Catalysts that could drive the trade

  • Dividend cadence - ex-dividend date 07/28/2026 and payable 08/11/2026: the dividend event can attract yield-sensitive buyers and stabilize price into the record/ex dates.
  • Operational updates or quarterly production announcements that beat expectations could re-rate the multiple from ~9x to low-teens if margins widen.
  • Positive shifts in concentrate or refined zinc pricing and treatment charges, which would flow through both mining and smelting segments and support earnings.
  • Technical breakout above the recent $15.00 intraday high and follow-through above $16.50 could prompt momentum flows toward the 52-week high at $16.89.

Trade plan (actionable)

Direction: Long

Entry price: $14.70

Target price: $16.50

Stop loss: $13.50

Horizon: mid term (45 trading days) - plan rationale: the next 45 trading days capture the upcoming dividend window (ex-dividend 07/28/2026) and leave room for operational or commodity-driven catalysts to materialize. This horizon also fits the current technical setup: above the 20/50-day SMAs but not yet extended, so the trade gives time for a measured run toward the 52-week high without overly long exposure to commodity cycles.

How to manage the position: size to a level where a stop at $13.50 limits portfolio capital at risk to your pre-defined risk tolerance (for example, 1-2% of portfolio). If price quickly runs to $15.80 - $16.00 with volume, consider trimming partial profits and moving a rest position to breakeven or to a tighter trailing stop below $15.00.

Technical and liquidity notes

Short-term indicators are constructive: the stock trades above the 9- and 21-day EMAs, and RSI sits at a neutral 55. MACD shows slightly bearish momentum on the indicator, but the histogram is small and could flip quickly on a couple of positive sessions. Average daily volumes over recent periods are near ~900k-1.0M shares, which means this trade is executable at scale for most retail sizes; today's intraday volume (~105k) is light relative to those averages, so use limit orders and attention to fills.

Risks and counterarguments

  • Commodity risk: Nexas earnings are sensitive to zinc and other base-metal prices. If metals prices weaken, margins and cash flow can compress quickly and the share price can retrace.
  • Operational/geopolitical risk: The company operates across Peru and Brazil. Any operational disruption, labor issue or regulatory action in these jurisdictions could pressure production and the share price.
  • Volatility and leverage: Mining equities are cyclical and can gap on macro news; a stop at $13.50 mitigates but does not eliminate gap risk on market-open or event risk.
  • Dividend reliance: The dividend yield is small (~0.70%) and not a substitute for earnings growth. If management changes capital allocation away from dividends or EPS falls materially, investor interest could wane.
  • Technical reversal: A decisive break below the 50-day SMA (~$14.25) with rising volume would invalidate the constructive setup and likely accelerate downside toward multi-month support levels.
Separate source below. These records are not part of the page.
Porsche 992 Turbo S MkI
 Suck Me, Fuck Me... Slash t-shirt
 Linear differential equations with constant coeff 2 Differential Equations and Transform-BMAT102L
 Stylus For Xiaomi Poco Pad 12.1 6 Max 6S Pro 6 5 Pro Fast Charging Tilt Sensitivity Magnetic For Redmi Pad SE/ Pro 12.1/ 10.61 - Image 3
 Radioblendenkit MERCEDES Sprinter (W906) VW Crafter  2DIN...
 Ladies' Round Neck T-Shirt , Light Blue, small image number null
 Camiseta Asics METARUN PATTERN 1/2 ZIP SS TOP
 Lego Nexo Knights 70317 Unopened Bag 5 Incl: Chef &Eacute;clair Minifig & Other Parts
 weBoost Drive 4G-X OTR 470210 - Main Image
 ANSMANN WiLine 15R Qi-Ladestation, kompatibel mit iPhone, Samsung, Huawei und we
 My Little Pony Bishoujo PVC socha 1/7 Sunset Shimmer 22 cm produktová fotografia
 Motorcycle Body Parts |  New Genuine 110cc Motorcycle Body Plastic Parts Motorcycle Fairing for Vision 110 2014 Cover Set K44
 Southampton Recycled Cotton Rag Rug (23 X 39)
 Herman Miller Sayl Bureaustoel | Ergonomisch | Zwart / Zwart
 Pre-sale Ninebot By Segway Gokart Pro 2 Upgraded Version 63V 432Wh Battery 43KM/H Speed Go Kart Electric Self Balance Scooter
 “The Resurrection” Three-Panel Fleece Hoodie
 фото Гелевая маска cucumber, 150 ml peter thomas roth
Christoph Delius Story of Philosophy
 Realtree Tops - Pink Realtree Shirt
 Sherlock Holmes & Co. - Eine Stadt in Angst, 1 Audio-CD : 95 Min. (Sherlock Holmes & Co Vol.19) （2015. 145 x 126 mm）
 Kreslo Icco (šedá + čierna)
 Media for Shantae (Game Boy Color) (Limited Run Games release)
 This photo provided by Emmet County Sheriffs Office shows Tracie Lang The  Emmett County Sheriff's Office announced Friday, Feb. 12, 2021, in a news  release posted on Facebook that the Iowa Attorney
Counterargument: One could argue the stock is already priced for a benign operational outlook and that the low PE reflects real risks such as challenging grade profiles, rising costs, or political exposure that could keep earnings depressed. If you prioritize downside protection, the current setup may look speculative; the prudent alternative is to wait for a confirmed breakout above $15.50-$16.00 with accompanying volume and improving fundamentals before taking a position.

What would change my mind

I would change my constructive stance if any of the following occur: (1) a quarterly production or cost report that shows material misses and significant margin compression; (2) sustained negative revision in realized zinc or by-product pricing that undermines earnings forecasts; (3) a decisive technical breakdown below $13.50 on high volume; or (4) adverse regulatory or operational news from Peru or Brazil that threatens near-term production. Conversely, a surprise beat in production metrics or a confirmed momentum breakout above $16.50 would increase conviction and prompt a size-up for the trade.

Conclusion

Nexa Resources is a pragmatic mid-term long: cheap on earnings, supported by a modest dividend, and technically non-extended with room to run. This trade recommends entering at $14.70, protecting capital with a $13.50 stop, and targeting $16.50 over the next 45 trading days to capture the most likely path to the recent 52-week highs while keeping risk controlled. Size the position to your risk tolerance and stick to the stop - the stock is commodity-exposed and will react quickly to macro and operational news. If catalysts line up, gains toward $16.50 are a realistic and disciplined outcome.

Risks

  • Commodity price weakness (zinc and by-products) that compresses margins and earnings.
  • Operational or regulatory disruptions in Peru or Brazil that reduce production.
  • Technical breakdown below key moving averages with rising volume could invalidate the setup.
  • Dividend or capital-allocation changes that reduce investor yield interest and re-rate the stock lower.